Pourquoi ne pas avoir, comme en Belgique ou en Espagne, laissé le choix aux établissements de se déclarer fumeurs ou non-fumeurs ? Au nom de quelle idéale pureté obliger tout le monde à vivre de la même façon ? Si un patron de bar fume, pourquoi empêcherait-il ses clients de sacrifier à leur goût ? L'hygiénisme a bon dos. Sans barguigner, d'ailleurs, il s'accommode d'une pollution galopante et de bien d'autres causes de mortalité précoce.

DICTATURE DE LA VERTU

Non, non, c'est le tabac qu'il faut éradiquer, toutes affaires cessantes, c'est lui qu'il faut flétrir, c'est sur lui qu'il faut polariser toutes les tendances haineuses que recèle une société. Le fumeur, voilà l'ennemi ! De doctes professeurs agitent le spectre des infarctus du myocarde - il est urgent d'en faire reculer le nombre, Monseigneur -, de pontifiants ministres assurent que la santé publique est à ce prix et que le cigare de ce pauvre André Santini fait courir des risques aussi mortels que, tenez, la réception d'une lettre recommandée vous annonçant sans coup férir votre licenciement, ou les gaz d'échappement des automobiles placés juste à la hauteur des poussettes des bambins.

L'écrivain Eugène Le Roy disait que "les jeunes médecins font les cimetières bossus". Les apprentis sorciers de 2008 appliquent une médication radicale qui, croient-ils, supprimera progressivement l'usage d'une drogue en vente libre, au moins pour l'instant.
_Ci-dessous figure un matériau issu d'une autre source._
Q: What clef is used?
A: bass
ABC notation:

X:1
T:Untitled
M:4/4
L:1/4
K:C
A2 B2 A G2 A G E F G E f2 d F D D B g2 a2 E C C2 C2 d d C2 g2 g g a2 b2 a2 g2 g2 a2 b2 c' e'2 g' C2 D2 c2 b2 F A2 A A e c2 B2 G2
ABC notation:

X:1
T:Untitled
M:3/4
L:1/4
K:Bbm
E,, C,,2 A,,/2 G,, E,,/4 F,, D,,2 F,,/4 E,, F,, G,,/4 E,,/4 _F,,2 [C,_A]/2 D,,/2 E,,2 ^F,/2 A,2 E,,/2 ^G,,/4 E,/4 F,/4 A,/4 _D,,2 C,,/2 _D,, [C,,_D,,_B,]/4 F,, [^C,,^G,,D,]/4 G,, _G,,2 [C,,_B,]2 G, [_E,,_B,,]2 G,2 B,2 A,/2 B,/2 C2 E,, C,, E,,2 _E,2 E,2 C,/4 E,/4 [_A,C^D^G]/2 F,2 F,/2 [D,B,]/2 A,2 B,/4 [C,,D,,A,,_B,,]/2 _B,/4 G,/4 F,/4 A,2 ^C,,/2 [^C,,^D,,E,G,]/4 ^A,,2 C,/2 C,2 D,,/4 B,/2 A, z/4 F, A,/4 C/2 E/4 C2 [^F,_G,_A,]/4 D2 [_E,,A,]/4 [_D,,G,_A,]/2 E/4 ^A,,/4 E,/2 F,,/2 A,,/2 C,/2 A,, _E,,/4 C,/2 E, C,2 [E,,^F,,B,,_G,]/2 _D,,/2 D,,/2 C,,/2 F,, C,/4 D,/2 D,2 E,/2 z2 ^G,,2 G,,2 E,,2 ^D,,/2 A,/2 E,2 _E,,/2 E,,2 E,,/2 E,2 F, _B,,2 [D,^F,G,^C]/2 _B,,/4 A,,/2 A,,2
Leur rêve d'une société exempte de ce qu'ils considèrent comme un vice intolérable ressemble à un cauchemar. La dictature de la vertu n'a jamais, sous aucun ciel, produit que des vices pires encore, couverts du manteau de l'hypocrisie et de la violence sociale.
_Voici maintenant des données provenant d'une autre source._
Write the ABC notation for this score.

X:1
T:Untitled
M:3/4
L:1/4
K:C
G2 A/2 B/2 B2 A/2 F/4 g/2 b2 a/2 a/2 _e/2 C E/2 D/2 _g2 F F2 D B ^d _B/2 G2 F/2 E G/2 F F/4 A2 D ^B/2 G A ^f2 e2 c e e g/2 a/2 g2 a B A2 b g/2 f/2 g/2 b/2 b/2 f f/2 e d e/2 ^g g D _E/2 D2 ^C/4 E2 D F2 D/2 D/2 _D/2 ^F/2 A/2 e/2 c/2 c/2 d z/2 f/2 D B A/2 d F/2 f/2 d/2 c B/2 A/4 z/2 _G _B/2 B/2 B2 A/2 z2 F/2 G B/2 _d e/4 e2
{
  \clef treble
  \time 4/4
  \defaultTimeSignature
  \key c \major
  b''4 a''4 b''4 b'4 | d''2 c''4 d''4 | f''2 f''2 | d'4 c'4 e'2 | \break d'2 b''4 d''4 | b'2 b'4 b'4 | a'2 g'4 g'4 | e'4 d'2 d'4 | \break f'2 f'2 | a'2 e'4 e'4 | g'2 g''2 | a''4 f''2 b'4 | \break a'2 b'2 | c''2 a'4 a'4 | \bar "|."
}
Les assurances vont bientôt s'engouffrer dans la brèche, proposant, à l'aide de la médecine prédictive, des produits pour purs et des produits pour impurs - pouah ! par ici la monnaie s'iou plaît. La convivialité, la tolérance, la solidarité, le vivre ensemble, le tissu social, qu'est-ce donc que ces vieilleries ? La vertu, vous dis-je ! J'ai bien peur que notre monde ne ressemble de plus en plus à une nouvelle de Philip K. Dick, l'auteur américain de science-fiction qui décrivait un monde d'hyper-sécurité et d'hyperviolence, dans les bêlements d'agneau de la propagande, toujours suave, toujours délicate et toujours, bien sûr, en images.